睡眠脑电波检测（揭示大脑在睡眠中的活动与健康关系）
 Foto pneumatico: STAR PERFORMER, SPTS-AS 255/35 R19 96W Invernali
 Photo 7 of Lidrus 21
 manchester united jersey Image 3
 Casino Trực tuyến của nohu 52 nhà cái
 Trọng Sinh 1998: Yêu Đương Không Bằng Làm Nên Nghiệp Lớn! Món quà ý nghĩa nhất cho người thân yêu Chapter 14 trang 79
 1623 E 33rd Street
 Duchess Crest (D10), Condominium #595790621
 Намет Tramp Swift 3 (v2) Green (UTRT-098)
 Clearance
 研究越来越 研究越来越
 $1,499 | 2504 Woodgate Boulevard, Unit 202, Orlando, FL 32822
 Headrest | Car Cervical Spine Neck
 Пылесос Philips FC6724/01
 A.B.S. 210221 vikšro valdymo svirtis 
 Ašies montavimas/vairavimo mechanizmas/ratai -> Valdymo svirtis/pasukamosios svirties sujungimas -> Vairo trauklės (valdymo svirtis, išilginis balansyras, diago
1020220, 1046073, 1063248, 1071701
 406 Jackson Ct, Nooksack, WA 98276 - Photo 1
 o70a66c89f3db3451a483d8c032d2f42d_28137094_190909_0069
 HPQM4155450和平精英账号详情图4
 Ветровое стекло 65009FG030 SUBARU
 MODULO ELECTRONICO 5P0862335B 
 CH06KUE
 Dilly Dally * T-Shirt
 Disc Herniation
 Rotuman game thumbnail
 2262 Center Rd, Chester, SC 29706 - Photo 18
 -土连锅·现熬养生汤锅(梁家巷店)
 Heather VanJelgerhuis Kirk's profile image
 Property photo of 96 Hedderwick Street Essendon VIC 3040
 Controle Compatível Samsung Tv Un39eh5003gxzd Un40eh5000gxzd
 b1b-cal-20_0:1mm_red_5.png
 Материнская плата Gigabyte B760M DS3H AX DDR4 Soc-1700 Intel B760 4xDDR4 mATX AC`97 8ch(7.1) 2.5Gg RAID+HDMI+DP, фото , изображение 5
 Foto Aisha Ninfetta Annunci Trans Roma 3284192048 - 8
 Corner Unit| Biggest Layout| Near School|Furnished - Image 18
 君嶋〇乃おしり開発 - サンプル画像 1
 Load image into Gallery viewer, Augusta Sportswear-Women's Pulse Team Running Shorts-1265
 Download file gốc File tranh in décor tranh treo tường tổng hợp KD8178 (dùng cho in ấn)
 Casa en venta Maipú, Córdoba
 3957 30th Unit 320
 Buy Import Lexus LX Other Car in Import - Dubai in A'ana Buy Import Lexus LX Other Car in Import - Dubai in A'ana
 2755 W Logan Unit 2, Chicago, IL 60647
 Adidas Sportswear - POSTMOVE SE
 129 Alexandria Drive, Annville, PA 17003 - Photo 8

# # #

• _Work to complete_
Only a word-for-word repetition of the lines from the one containing "研究越来越 研究越来越" to the final line of the data above counts as the answer.

• _Written answer_
 研究越来越 研究越来越
 $1,499 | 2504 Woodgate Boulevard, Unit 202, Orlando, FL 32822
 Headrest | Car Cervical Spine Neck
 Пылесос Philips FC6724/01
 A.B.S. 210221 vikšro valdymo svirtis 
 Ašies montavimas/vairavimo mechanizmas/ratai -> Valdymo svirtis/pasukamosios svirties sujungimas -> Vairo trauklės (valdymo svirtis, išilginis balansyras, diago
1020220, 1046073, 1063248, 1071701
 406 Jackson Ct, Nooksack, WA 98276 - Photo 1
 o70a66c89f3db3451a483d8c032d2f42d_28137094_190909_0069
 HPQM4155450和平精英账号详情图4
 Ветровое стекло 65009FG030 SUBARU
 MODULO ELECTRONICO 5P0862335B 
 CH06KUE
 Dilly Dally * T-Shirt
 Disc Herniation
 Rotuman game thumbnail
 2262 Center Rd, Chester, SC 29706 - Photo 18
 -土连锅·现熬养生汤锅(梁家巷店)
 Heather VanJelgerhuis Kirk's profile image
 Property photo of 96 Hedderwick Street Essendon VIC 3040
 Controle Compatível Samsung Tv Un39eh5003gxzd Un40eh5000gxzd
 b1b-cal-20_0:1mm_red_5.png
 Материнская плата Gigabyte B760M DS3H AX DDR4 Soc-1700 Intel B760 4xDDR4 mATX AC`97 8ch(7.1) 2.5Gg RAID+HDMI+DP, фото , изображение 5
 Foto Aisha Ninfetta Annunci Trans Roma 3284192048 - 8
 Corner Unit| Biggest Layout| Near School|Furnished - Image 18
 君嶋〇乃おしり開発 - サンプル画像 1
 Load image into Gallery viewer, Augusta Sportswear-Women's Pulse Team Running Shorts-1265
 Download file gốc File tranh in décor tranh treo tường tổng hợp KD8178 (dùng cho in ấn)
 Casa en venta Maipú, Córdoba
 3957 30th Unit 320
 Buy Import Lexus LX Other Car in Import - Dubai in A'ana Buy Import Lexus LX Other Car in Import - Dubai in A'ana
 2755 W Logan Unit 2, Chicago, IL 60647
 Adidas Sportswear - POSTMOVE SE
 129 Alexandria Drive, Annville, PA 17003 - Photo 8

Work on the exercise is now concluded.